Wichtige Neuregelungen zum Beschäftigtendatenschutz

Der neue § 26 BDSG mit der Überschrift „Datenverarbeitung für Zwecke des Beschäftigungsverhältnisses“ bildet jetzt die Kernvorschrift für den Datenschutz von Arbeitnehmern.

Hier die entscheidenden Problembereiche:

• Bei Verstößen gegen die EU-DSGVO drohen Bußgelder von bis zu 20 Millionen Euro oder 4 % des globalen Umsatzes (je nachdem, welcher Betrag höher ist). Datenschutzverstöße, die ausschließlich deutsches Recht betreffen, werden auf 50.000 Euro begrenzt.
• Arbeitnehmer und Verbraucher können Schadenersatzansprüche auch wegen Nichtvermögensschäden (Schmerzensgeld) geltend machen.

• Der Arbeitgeber bzw. das Unternehmen muss nachweisen, dass er die geltenden datenschutzrechtlichen Vorgaben einhält (Beweislastumkehr). Dazu muss das Unternehmen die vorgeschriebenen Dokumentationspflichten der DSGVO beachten.
• Das BDSG enthält Sonderregelungen zum Datenschutz am Arbeitsplatz, Videoüberwachung oder dem Profiling.
• Die Aufklärung von Straftaten oder anderen Pflichtverstößen durch den Arbeitgeber bleibt zwar zulässig, sie muss aber strengen Anforderungen genügen.
• Die umfassenden Unterrichtungspflichten nach Art. 13 ff. DSGVO bleiben bestehen (zunächst vorgesehene Einschränkungen der Betroffenenrechte wurden kaum aufgenommen).
• Die Dokumentationspflichten nach der DSGVO werden durch das BDSG nicht reduziert.
• Die Datenverarbeitung durch Betriebs- oder Personalräte unterliegt ebenfalls den Maßstäben des BDSG und der DSGVO.
• Tarif- oder Betriebsvereinbarungen (sogenannte Kollektivvereinbarungen) zur Regelung zulässiger Datenverarbeitung bleiben erlaubt – sie unterliegen aber den Anforderungen von Artikel 88 Absatz 2 EU-DSGVO und § 26 BDSG.

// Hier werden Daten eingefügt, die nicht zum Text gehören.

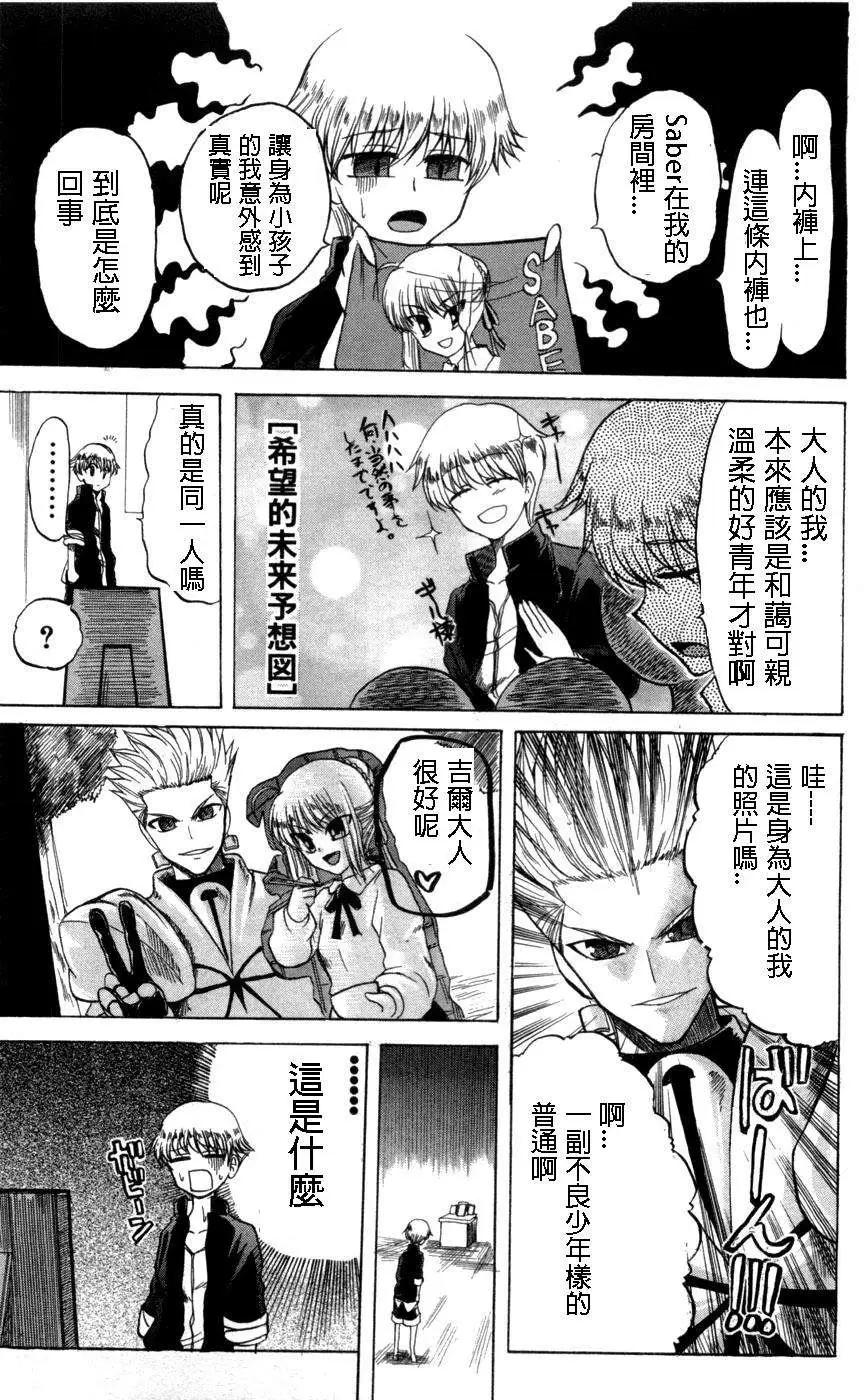 《FATE同人 士郎必须死》第04回 第4页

Laut einiger deutscher Datenschutzbehörden überschreitet das neue BDSG den nach der DSGVO zulässigen Spielraum des Gesetzgebers. Dies könne ggf. zu Vertragsverletzungsverfahren der EU-Kommission führen.

Außerdem dürfen deutsche Gerichte und Behörden die Vorschriften des BDSG nicht anwenden, wenn sie diese für europarechtswidrig halten. Diese Meinung macht deutlich, wie unsicher das Terrain für Unternehmen in Zukunft ist – mit derartigen Problemen werden sich die Gerichte (Bundesarbeitsgericht, Bundesverfassungsgericht und EuGH) in den nächsten Jahren ausgiebig beschäftigen können.